WORK REQUEST: Reproduce each line of the following material exactly, omitting the images.

RAW DATA:
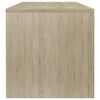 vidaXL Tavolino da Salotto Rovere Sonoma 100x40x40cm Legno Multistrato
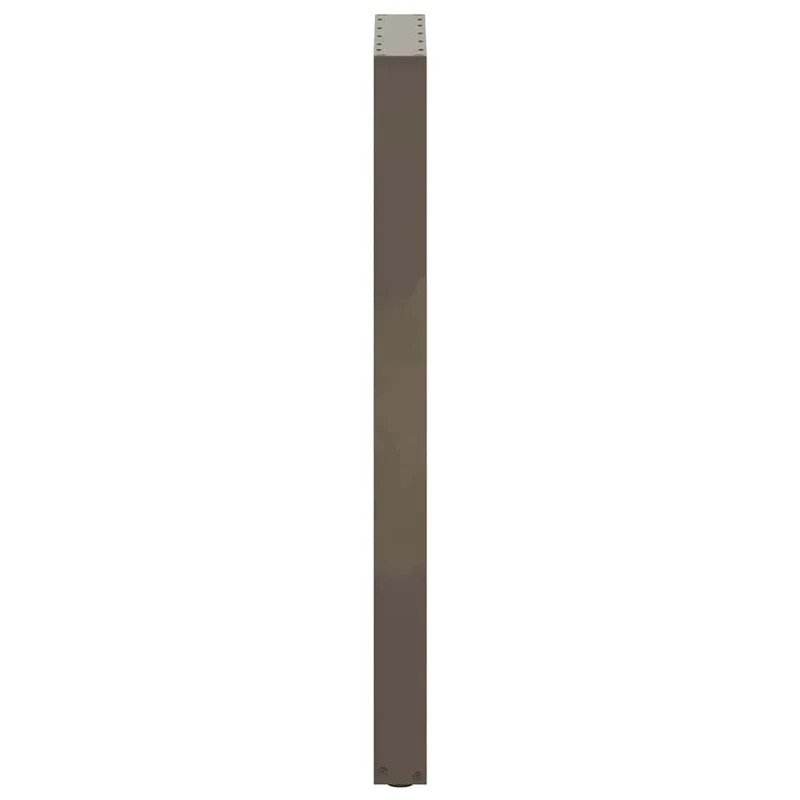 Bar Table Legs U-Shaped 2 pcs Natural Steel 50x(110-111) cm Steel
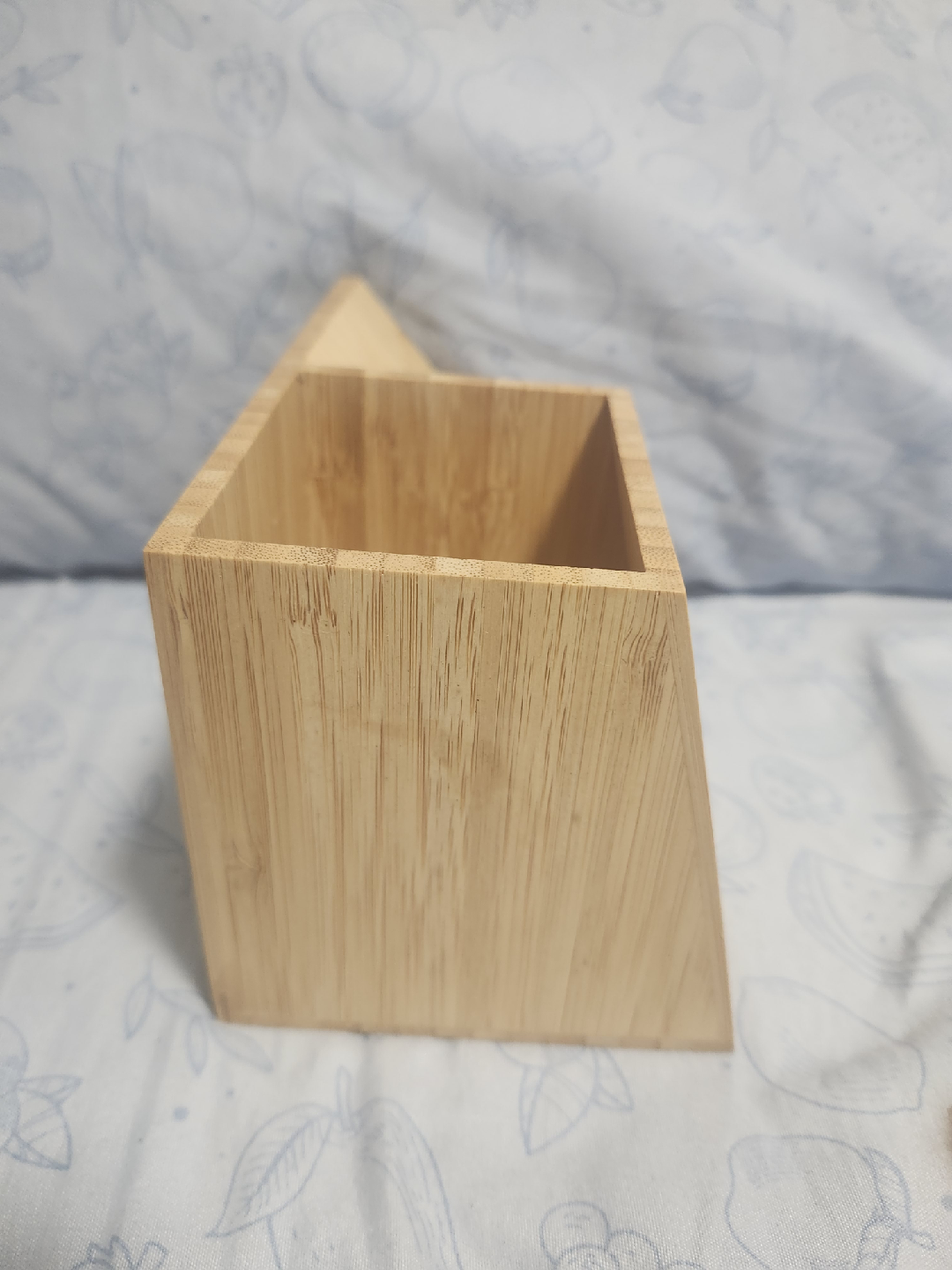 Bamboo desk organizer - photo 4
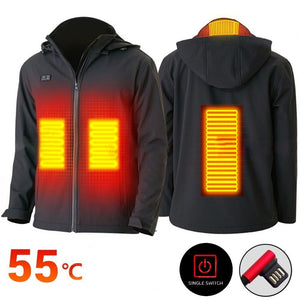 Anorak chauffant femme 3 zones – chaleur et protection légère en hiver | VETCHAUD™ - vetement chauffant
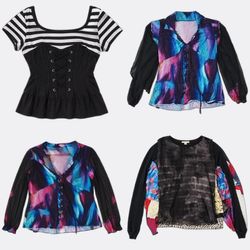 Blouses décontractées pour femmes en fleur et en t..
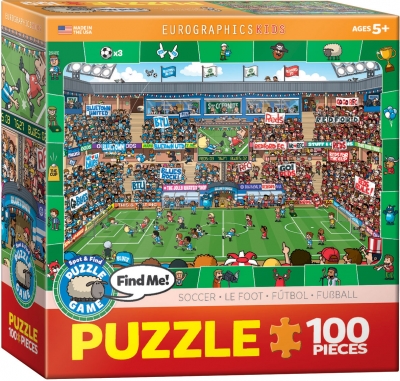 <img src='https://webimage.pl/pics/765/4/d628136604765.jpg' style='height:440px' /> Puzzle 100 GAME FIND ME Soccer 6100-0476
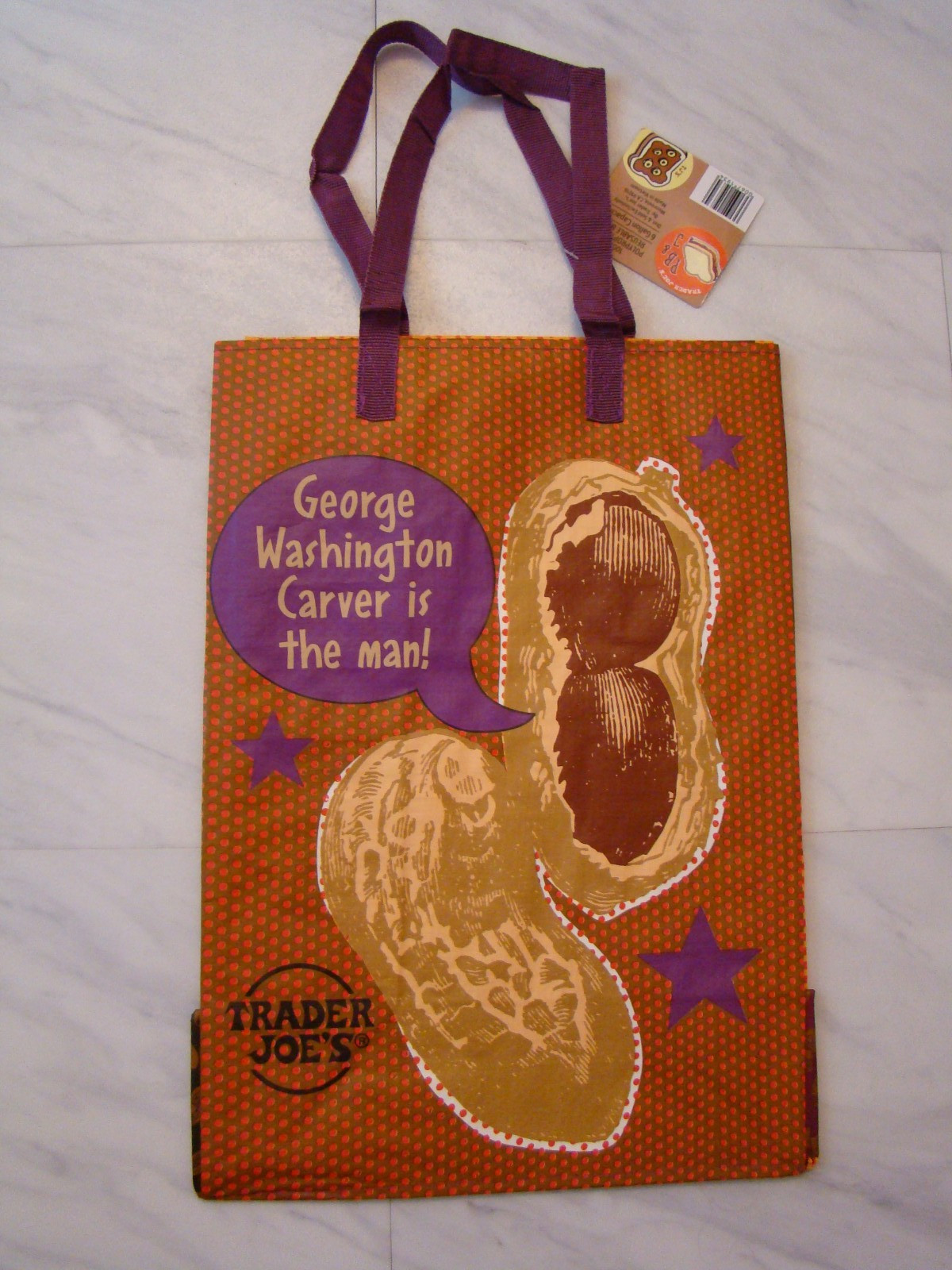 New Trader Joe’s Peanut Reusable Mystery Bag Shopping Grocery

EXERCISE RESULT:
 vidaXL Tavolino da Salotto Rovere Sonoma 100x40x40cm Legno Multistrato
 Bar Table Legs U-Shaped 2 pcs Natural Steel 50x(110-111) cm Steel
 Bamboo desk organizer - photo 4
 Anorak chauffant femme 3 zones – chaleur et protection légère en hiver | VETCHAUD™ - vetement chauffant
 Blouses décontractées pour femmes en fleur et en t..
 <img src='https://webimage.pl/pics/765/4/d628136604765.jpg' style='height:440px' /> Puzzle 100 GAME FIND ME Soccer 6100-0476
 New Trader Joe’s Peanut Reusable Mystery Bag Shopping Grocery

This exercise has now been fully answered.